= Beginning of Section =

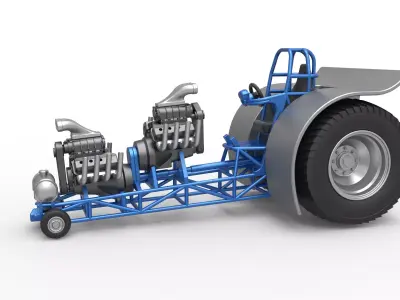 Pulling tractor 2 engines V8 Version 4 Scale 1 to 25 3D print model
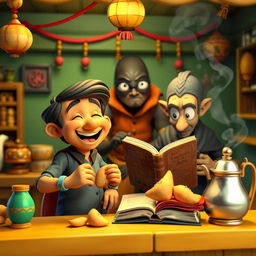 A vibrant 3D cartoon-style tea stall scene, featuring a cheerful character named Motu happily eating samosas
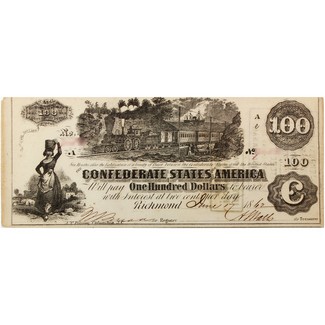 1862 $100 Confederate Note 'Railroad Train' VF or Better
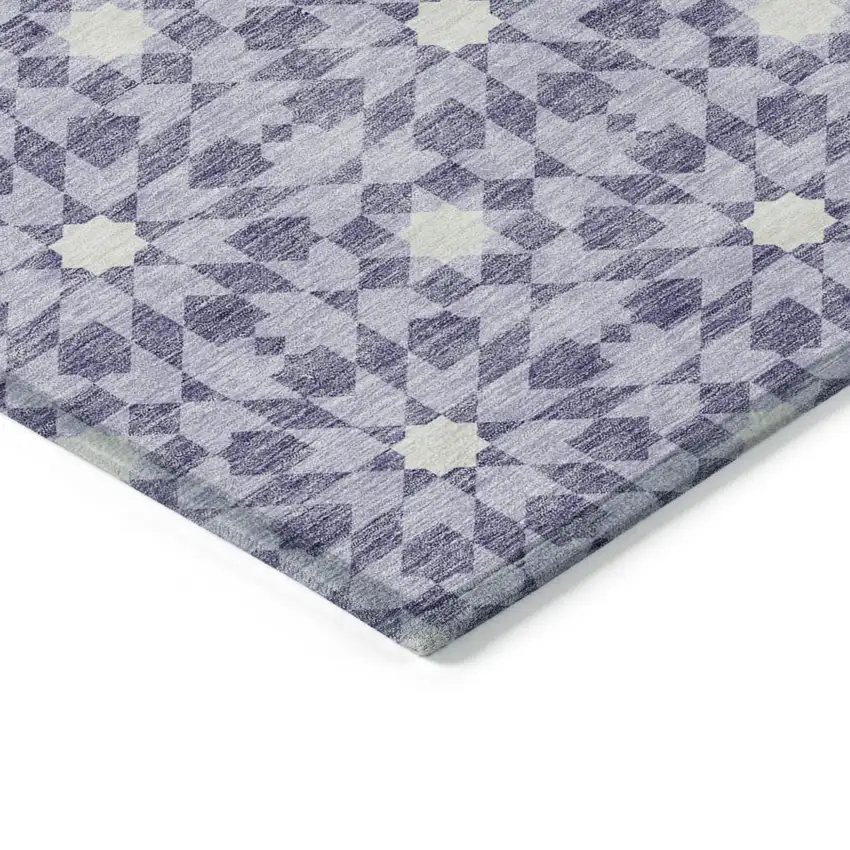 Lilac Purple And Ivory Floral Medallion Washable Indoor Outdoor Area Rug Photo 3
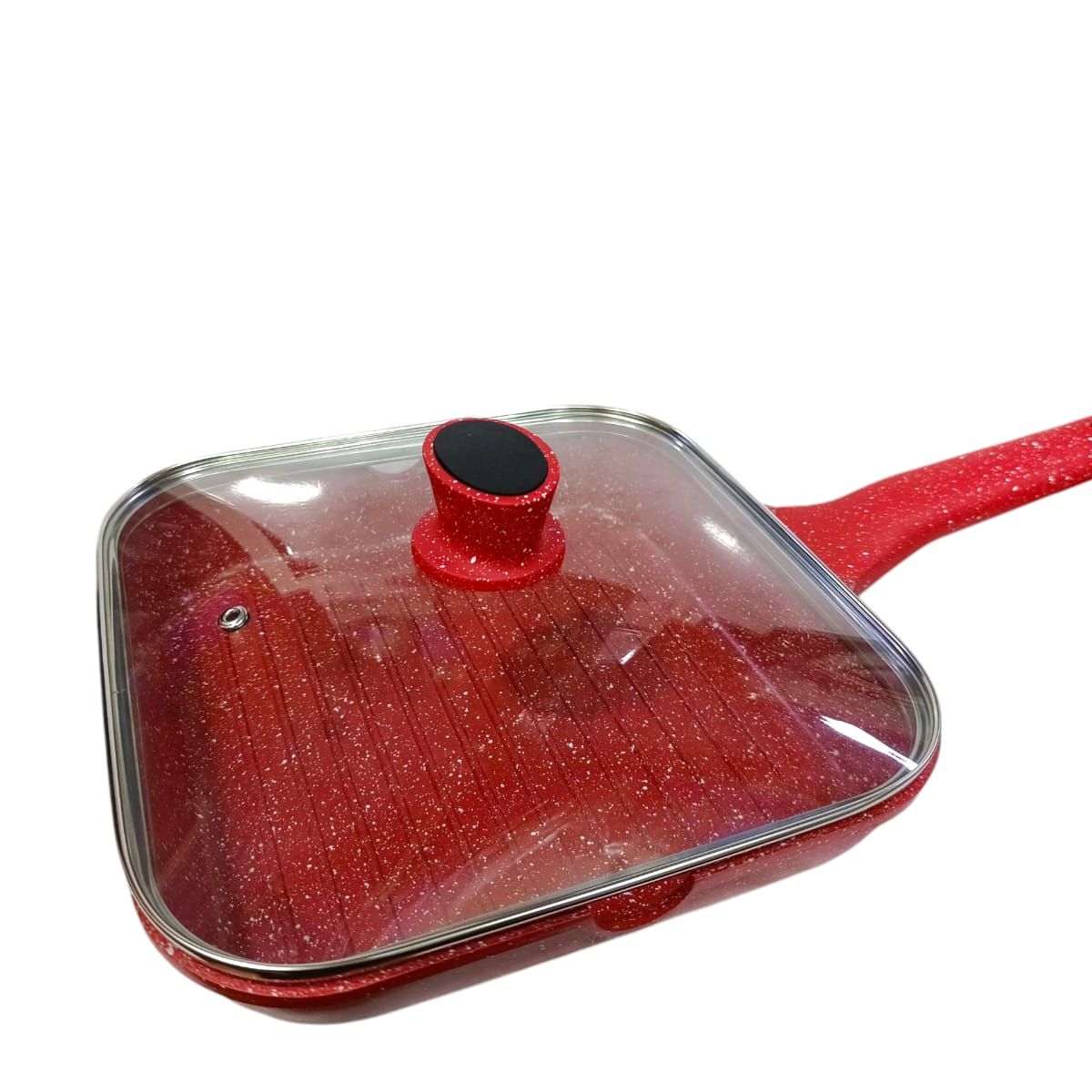 VALESKA - Sartén cuadrada 28 cm de roca volcánica roja con tapa de vidrio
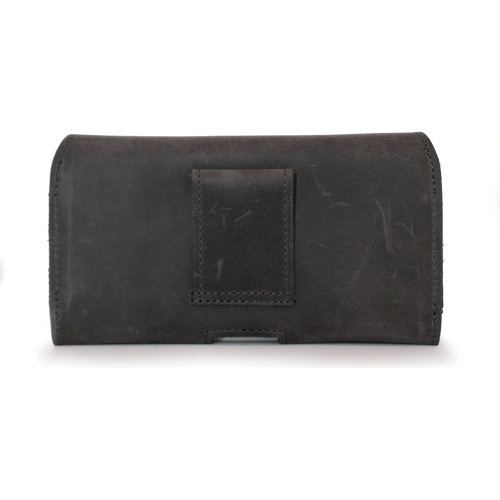 Skórzana kabura LURESKO FREYA XXL do paska etui na telefon 170x85x10mm (szary vintage szara nić)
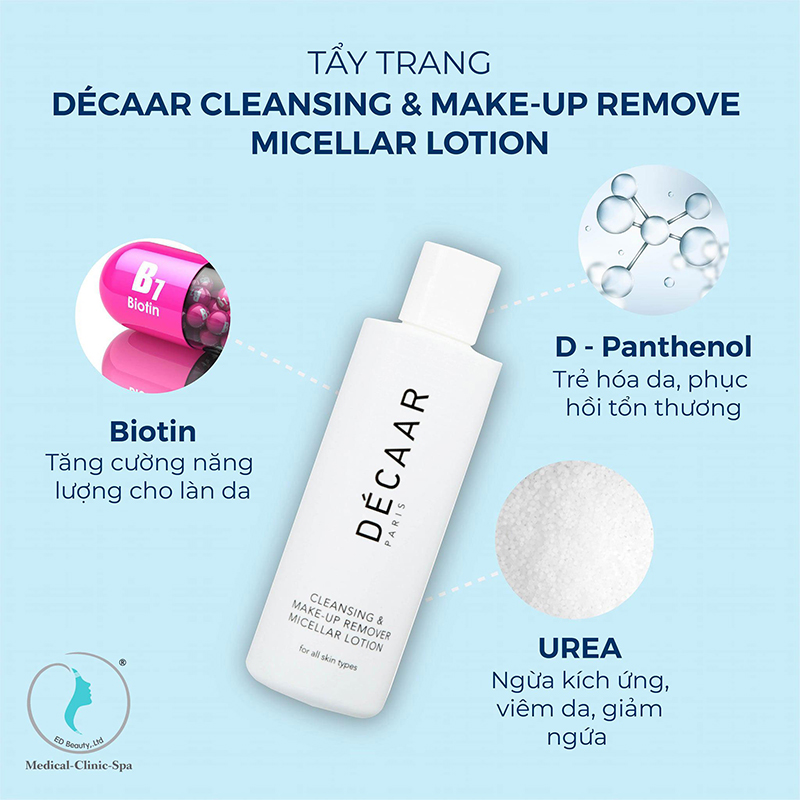 Nước tẩy trang Décaar Paris Cleansing and Make-up Remover Micellar Lotion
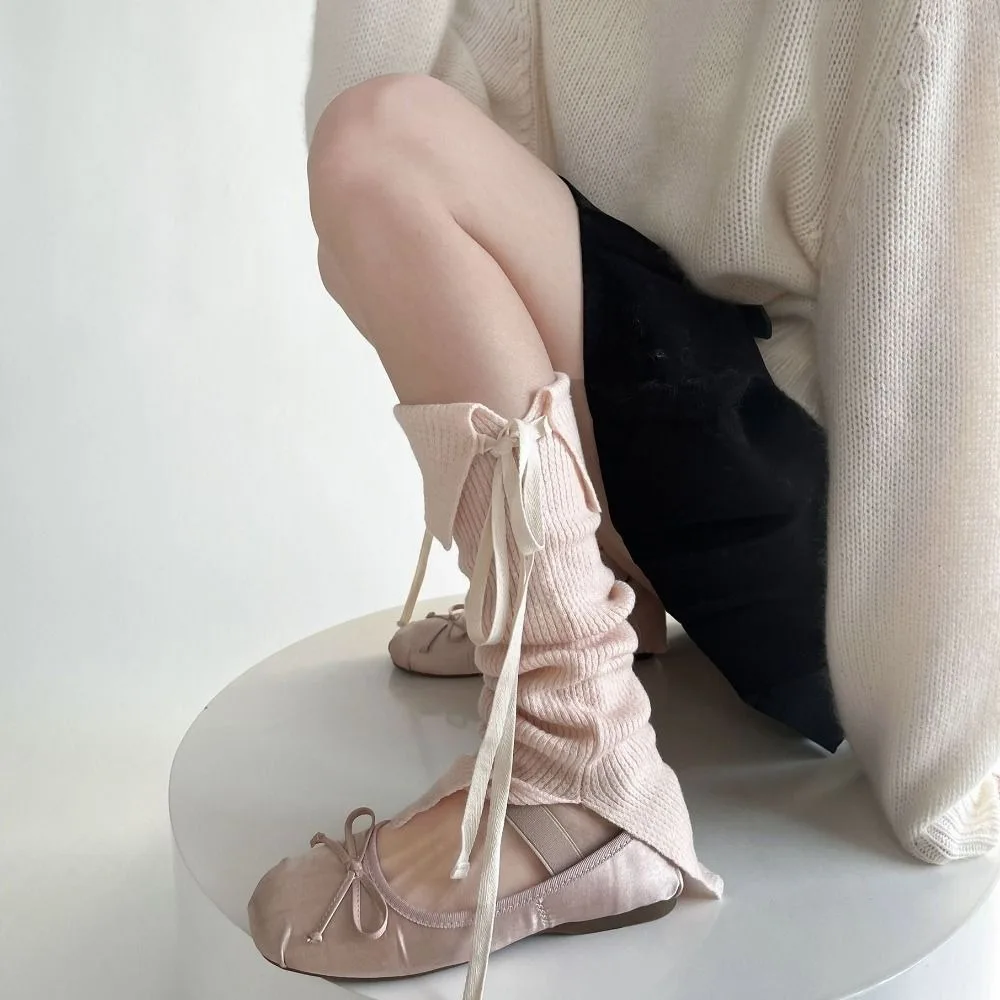 

Elastic Y2K Lace Up Leg Warmers Sweet Ballet Foot Cover Women's Stockings Elastic Bow Tie Knit Banding Leggings Women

= End of Section =

Exercise goal
Return only the lines from the one containing "VALESKA - Sartén" through the last line of the entries above, exactly as written and without pictures.

Result of this task
 VALESKA - Sartén cuadrada 28 cm de roca volcánica roja con tapa de vidrio
 Skórzana kabura LURESKO FREYA XXL do paska etui na telefon 170x85x10mm (szary vintage szara nić)
 Nước tẩy trang Décaar Paris Cleansing and Make-up Remover Micellar Lotion

Elastic Y2K Lace Up Leg Warmers Sweet Ballet Foot Cover Women's Stockings Elastic Bow Tie Knit Banding Leggings Women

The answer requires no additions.